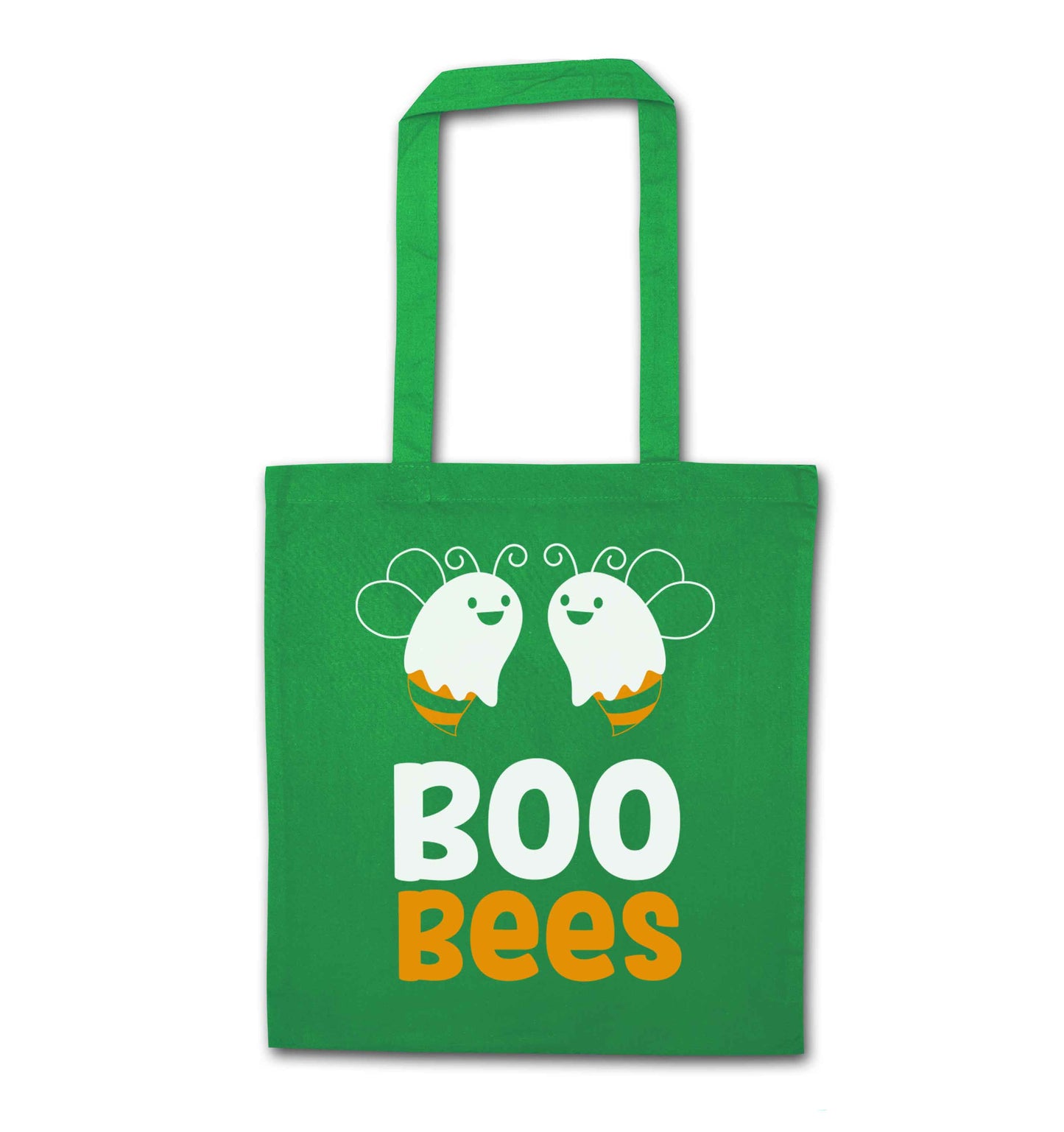 Boo bees Kit green tote bag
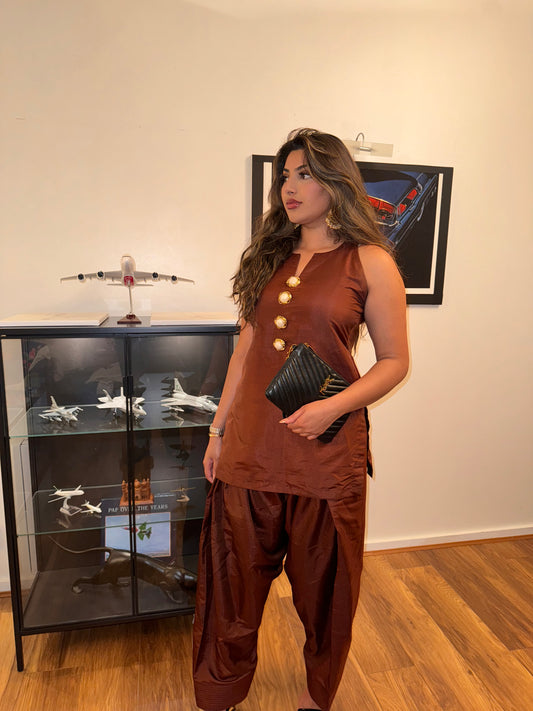 Chocolate brown shalwar Kameez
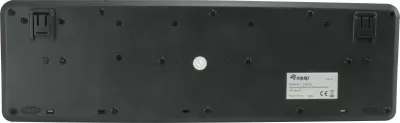 Tastierë me maus Equip 245201, full-size, USB, QWERTY, e zezë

:::::

# TASK INSTRUCTIONS:
Transcribe the material exactly, keeping every word and none of the pictures.

# TASK RESULT:
 Boo bees Kit green tote bag
 Chocolate brown shalwar Kameez
 Tastierë me maus Equip 245201, full-size, USB, QWERTY, e zezë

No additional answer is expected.